*** Records to use ***
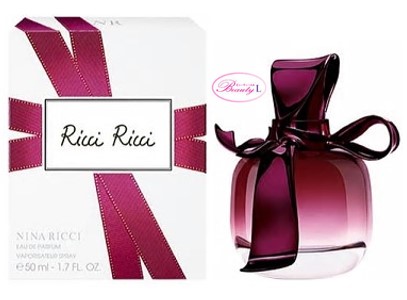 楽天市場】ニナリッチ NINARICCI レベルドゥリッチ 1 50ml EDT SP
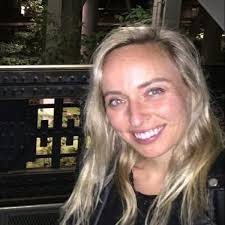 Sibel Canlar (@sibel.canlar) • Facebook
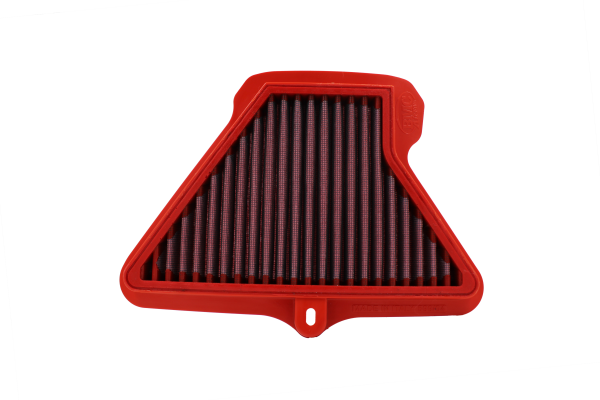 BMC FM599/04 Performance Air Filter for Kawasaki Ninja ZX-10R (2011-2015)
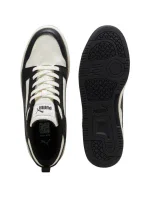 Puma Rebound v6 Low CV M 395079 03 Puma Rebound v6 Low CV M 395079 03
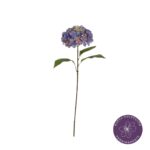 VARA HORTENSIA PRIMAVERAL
*** End of Records to use ***
• [Try it]:
Copy each entry above exactly; drop the pictures.

• [Answer to the exercise]:
 楽天市場】ニナリッチ NINARICCI レベルドゥリッチ 1 50ml EDT SP
 Sibel Canlar (@sibel.canlar) • Facebook
 BMC FM599/04 Performance Air Filter for Kawasaki Ninja ZX-10R (2011-2015)
 Puma Rebound v6 Low CV M 395079 03 Puma Rebound v6 Low CV M 395079 03
 VARA HORTENSIA PRIMAVERAL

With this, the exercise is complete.